EXERCISE:
From the records below, print exactly the lines starting at the one containing "Bosch Serie 2" and ending at the one containing "8/1971 Renault 16", ends included, and nothing else.

Stored data entries:
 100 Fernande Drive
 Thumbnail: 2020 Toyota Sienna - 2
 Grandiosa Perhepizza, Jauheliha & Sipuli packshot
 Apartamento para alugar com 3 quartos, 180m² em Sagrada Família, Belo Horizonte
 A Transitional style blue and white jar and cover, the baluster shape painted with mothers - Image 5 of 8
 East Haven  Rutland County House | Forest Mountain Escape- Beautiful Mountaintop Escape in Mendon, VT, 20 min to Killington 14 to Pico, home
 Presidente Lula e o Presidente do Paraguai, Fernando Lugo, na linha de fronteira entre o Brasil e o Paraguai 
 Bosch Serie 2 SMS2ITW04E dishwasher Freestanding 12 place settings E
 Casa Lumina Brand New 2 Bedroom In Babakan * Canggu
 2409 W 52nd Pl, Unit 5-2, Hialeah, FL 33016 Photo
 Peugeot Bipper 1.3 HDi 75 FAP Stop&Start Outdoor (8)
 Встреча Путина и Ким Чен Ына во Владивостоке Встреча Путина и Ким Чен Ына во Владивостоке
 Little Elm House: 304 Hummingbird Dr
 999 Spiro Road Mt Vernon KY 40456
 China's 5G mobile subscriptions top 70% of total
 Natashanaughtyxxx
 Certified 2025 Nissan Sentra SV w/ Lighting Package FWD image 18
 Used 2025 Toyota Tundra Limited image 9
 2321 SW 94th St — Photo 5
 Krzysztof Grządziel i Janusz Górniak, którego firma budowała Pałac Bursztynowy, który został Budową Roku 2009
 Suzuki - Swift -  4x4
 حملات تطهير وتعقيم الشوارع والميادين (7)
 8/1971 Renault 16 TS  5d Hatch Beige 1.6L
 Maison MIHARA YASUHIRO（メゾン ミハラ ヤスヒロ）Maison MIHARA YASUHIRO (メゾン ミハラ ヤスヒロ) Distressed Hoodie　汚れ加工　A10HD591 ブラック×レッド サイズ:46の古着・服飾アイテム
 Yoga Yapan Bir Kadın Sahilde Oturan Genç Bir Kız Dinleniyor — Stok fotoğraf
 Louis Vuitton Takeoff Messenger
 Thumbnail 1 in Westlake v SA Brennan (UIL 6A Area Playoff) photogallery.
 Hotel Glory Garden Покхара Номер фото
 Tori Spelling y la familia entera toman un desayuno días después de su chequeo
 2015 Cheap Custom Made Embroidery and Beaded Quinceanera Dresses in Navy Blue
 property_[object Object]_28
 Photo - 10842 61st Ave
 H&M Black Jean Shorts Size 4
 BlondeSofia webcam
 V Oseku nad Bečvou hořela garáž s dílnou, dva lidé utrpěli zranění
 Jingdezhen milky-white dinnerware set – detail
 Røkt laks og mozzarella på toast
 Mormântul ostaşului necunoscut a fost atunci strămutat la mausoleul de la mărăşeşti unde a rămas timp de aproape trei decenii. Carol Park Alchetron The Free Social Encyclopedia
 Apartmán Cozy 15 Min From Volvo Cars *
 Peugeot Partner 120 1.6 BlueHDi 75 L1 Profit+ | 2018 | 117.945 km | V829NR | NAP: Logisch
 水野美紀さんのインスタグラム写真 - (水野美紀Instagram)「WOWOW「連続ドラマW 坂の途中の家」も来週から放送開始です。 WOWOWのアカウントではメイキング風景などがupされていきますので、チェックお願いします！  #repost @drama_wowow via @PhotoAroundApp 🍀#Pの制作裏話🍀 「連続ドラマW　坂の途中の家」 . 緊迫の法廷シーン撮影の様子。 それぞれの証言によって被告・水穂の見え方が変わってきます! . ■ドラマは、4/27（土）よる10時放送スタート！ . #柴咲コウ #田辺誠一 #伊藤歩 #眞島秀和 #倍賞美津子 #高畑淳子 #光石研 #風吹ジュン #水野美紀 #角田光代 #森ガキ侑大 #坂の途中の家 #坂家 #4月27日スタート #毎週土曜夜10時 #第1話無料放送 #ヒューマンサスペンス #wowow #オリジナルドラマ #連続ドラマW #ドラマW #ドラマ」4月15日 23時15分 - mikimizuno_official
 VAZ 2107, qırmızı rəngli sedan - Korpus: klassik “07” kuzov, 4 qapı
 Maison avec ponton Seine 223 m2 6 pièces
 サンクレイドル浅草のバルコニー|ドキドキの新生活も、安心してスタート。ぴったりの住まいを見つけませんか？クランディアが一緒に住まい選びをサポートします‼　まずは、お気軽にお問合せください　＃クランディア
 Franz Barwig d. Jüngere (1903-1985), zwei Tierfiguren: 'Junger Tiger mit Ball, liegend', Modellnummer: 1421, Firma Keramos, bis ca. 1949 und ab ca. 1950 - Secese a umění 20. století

RESPONSE:
 Bosch Serie 2 SMS2ITW04E dishwasher Freestanding 12 place settings E
 Casa Lumina Brand New 2 Bedroom In Babakan * Canggu
 2409 W 52nd Pl, Unit 5-2, Hialeah, FL 33016 Photo
 Peugeot Bipper 1.3 HDi 75 FAP Stop&Start Outdoor (8)
 Встреча Путина и Ким Чен Ына во Владивостоке Встреча Путина и Ким Чен Ына во Владивостоке
 Little Elm House: 304 Hummingbird Dr
 999 Spiro Road Mt Vernon KY 40456
 China's 5G mobile subscriptions top 70% of total
 Natashanaughtyxxx
 Certified 2025 Nissan Sentra SV w/ Lighting Package FWD image 18
 Used 2025 Toyota Tundra Limited image 9
 2321 SW 94th St — Photo 5
 Krzysztof Grządziel i Janusz Górniak, którego firma budowała Pałac Bursztynowy, który został Budową Roku 2009
 Suzuki - Swift -  4x4
 حملات تطهير وتعقيم الشوارع والميادين (7)
 8/1971 Renault 16 TS  5d Hatch Beige 1.6L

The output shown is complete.